Two Houses is a newsletter of stories about art, feminism, grief, and Time excavated from the Soho loft where I grew up. Posts are free and illustrated with the work of my long-divorced parents, the painters Mimi Weisbord and Lennart Anderson.
After my mother, Mimi Weisbord, moved into memory care in 2019, one of the first drawings I pulled from her drawers was this study for a self-portrait.
It is not like any work of hers I’d ever seen before. A woman standing in a very large studio with easels, platforms, windows and things behind her. The studio is so large; I suspected this was made about 1960, when she was at the American Academy in Rome with my father.
In 2019, the sketch was a thrilling find. It suggested she’d kept her earliest work. I’d yet to explore her painting closet.
Also because the moment of finding it was electric. I’d opened her flat files in her studio; I was never welcome to touch her work.
But mostly I was enthralled to glimpse this young serious Mimi, a woman in a large studio with bare feet planted. Her own artist. Her whole standing figure.
Not a nude.
In Rome, my mother posed for every female figure in Lennart’s Street Scene. Those charcoal studies hung at my grandparents’ until my mother inherited them. (My grandfather bought them in support of the young couple.) They are dramatic and lush, and the figures are nude. (I don’t have a good image, or I’d paste one here.) At the base of one, he has scrawled “Roma” adjacent to the flourish of his initials. I loved discovering that; I can see him making that mark, and I feel his satisfaction to be at the Academy with the Rome Prize. He felt on top of his game.
After Rome, she posed for Nude which is in the Brooklyn Museum’s collection (and currently on view at the Bo Bartlett Center in Georgia). That was probably in Pittsburg where they lived for a year for Lennart’s first teaching gig at Chatham Women’s College.

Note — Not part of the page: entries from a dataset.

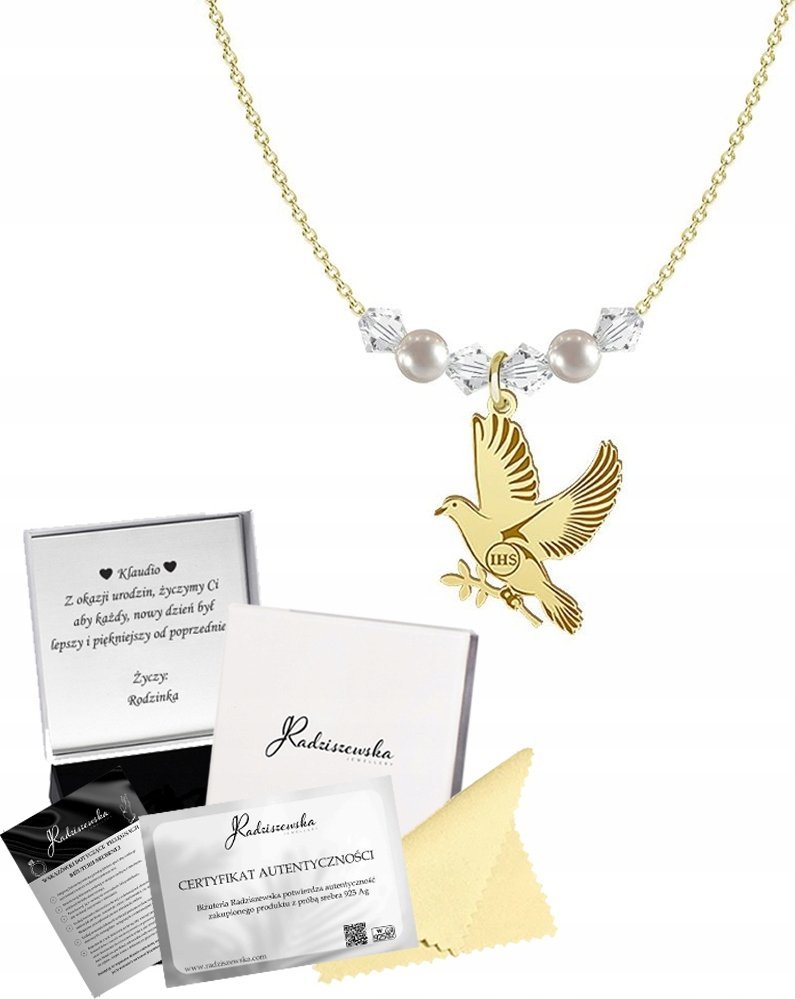 Radziszewska Jewellery Naszyjnik Złoty Gołąb IHS Łańcuszek I KOMUNIA ŚWIĘTA Prezent 925 GRAWER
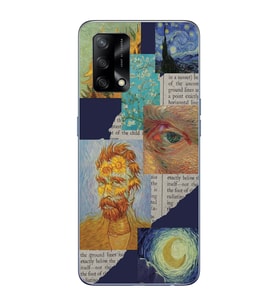 Oppo A74 Uyumlu Vincent van Gogh Kolaj Desenli Şeffaf Telefon Kılıfı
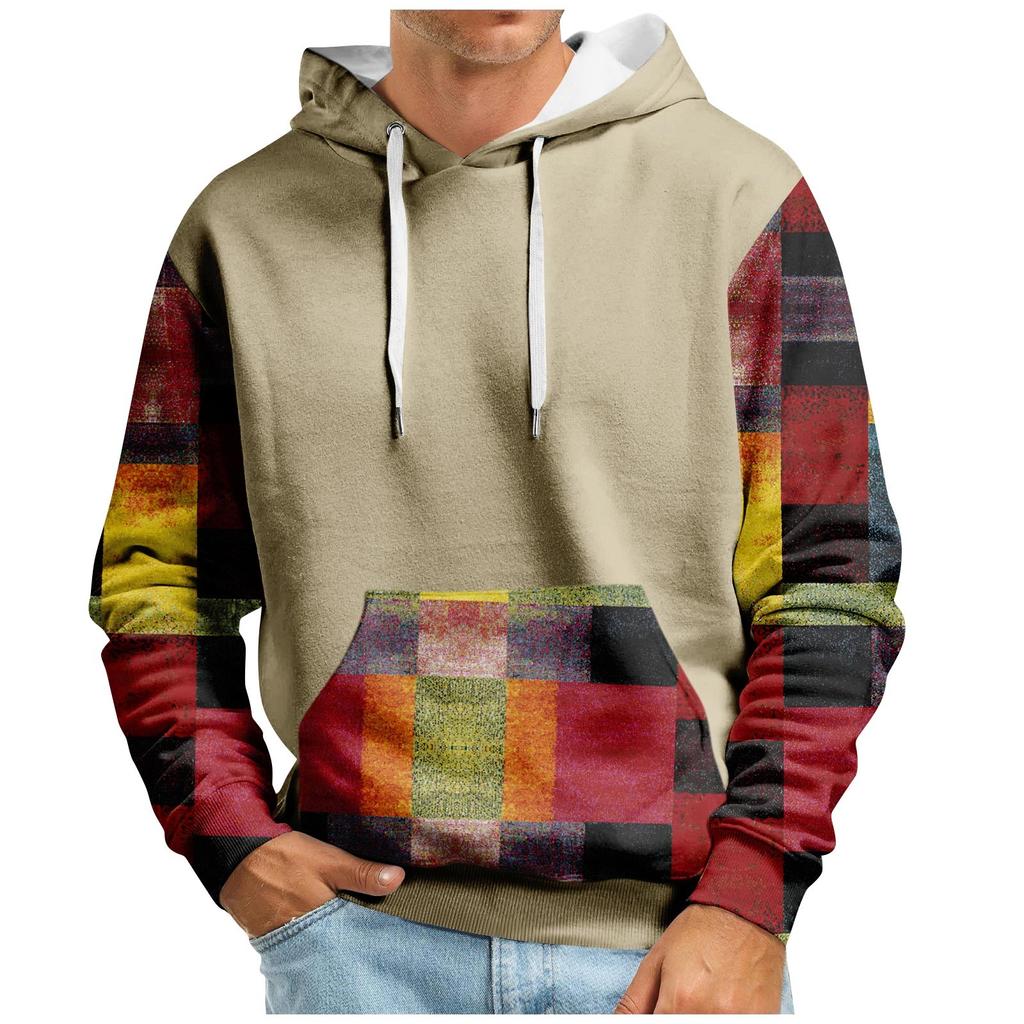 Осенний мужской свитер с большим капюшоном и цифровым принтом, новый большой базовый свитер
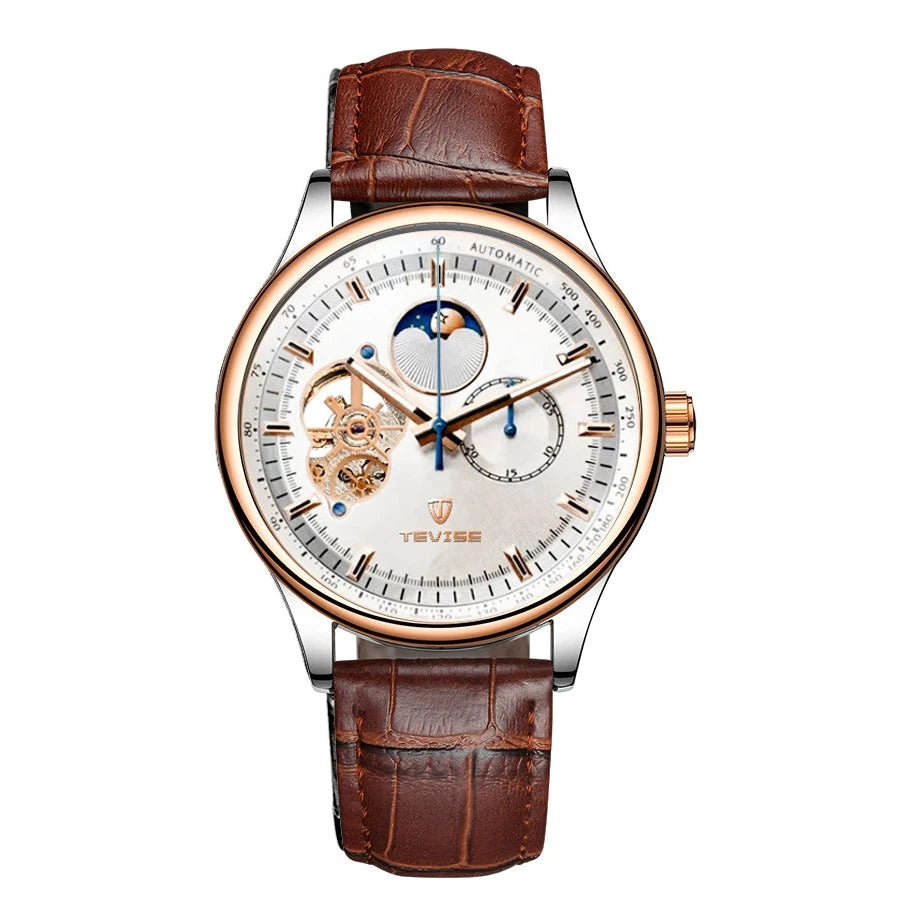 TEVISE Namura Classic Moonphase Skeleton Watch Rose Gold / Brown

Finding this sketch of a clothed Mimi working in this huge studio sent a shiver through me. But I had yet to find her journal from 1980.
“I left for Rome an artist and came back a wife,” now rings in my ears.
In Woman in Black, I explained that progression, how she arrived in Rome a celebrated emerging print maker but found she didn’t have access to the print studio. How she pivoted back to painting, and at some point the Academy stopped including the work by wives of the fellows in their exhibitions, and she had nothing to paint toward.
Before I pieced that together, however, I found evidence of her early sense of belonging at the Academy in Rome (or her determination to feel that way): images of my young mother taking herself seriously as an artist. Images from before she’d decided to spend years as an artist’s wife. In the course of digging through her mounds of things, bundles of letters, drawers and boxes of photos from all eras, I was tuned to the earliest (tiniest) pictures. And how they’d connect with other artifacts.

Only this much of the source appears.